According to De Haan, a major factor behind higher diesel prices is Europe's increased reliance on, and jump in demand for, non-Russian oil – for example, from the United States.
"Russia produces a lot of heavy oil and products like diesel," he explains, "and with Europe trying to cut off Russia's flow of products" the demand has gone up. "That [factor] – combined with a loss in refining capacity that the U.S. has experienced over the last few years, partially due to COVID – has made this a particularly challenging situation."
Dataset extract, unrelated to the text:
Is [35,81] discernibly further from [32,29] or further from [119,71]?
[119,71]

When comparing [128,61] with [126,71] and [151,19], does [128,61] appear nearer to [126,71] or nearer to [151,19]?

The result, he says, is a very low supply of diesel.
Another factor? Cooler temperatures and an increase in heating oil consumption.
"Heating oil and diesel are very similar molecules; that is, they are essentially the same," says De Hann. "So, we're seeing demand go up into the winter – [and] that, with a strong economy [and] demand higher already compared to where it was last year, has kind of put us in this perfect storm where prices are high, supply is low, and refineries don't have much ability to produce more."
The GasBuddy spokesman also tells AFN the price of diesel doesn't affect just those who drive diesel-powered vehicles.
"The cost of diesel impacts someone when go to the grocery store, when they buy goods online, [and] when they buy things at retail outlets," says De Haan. "All of that moves by semi-truck and diesel. Trains across the country consume diesel [as well]. So, the price is certainly going to impact you the next time you buy goods."
On Wednesday, AAA had the national average for diesel at $5.35, up from $3.64 at this time last year.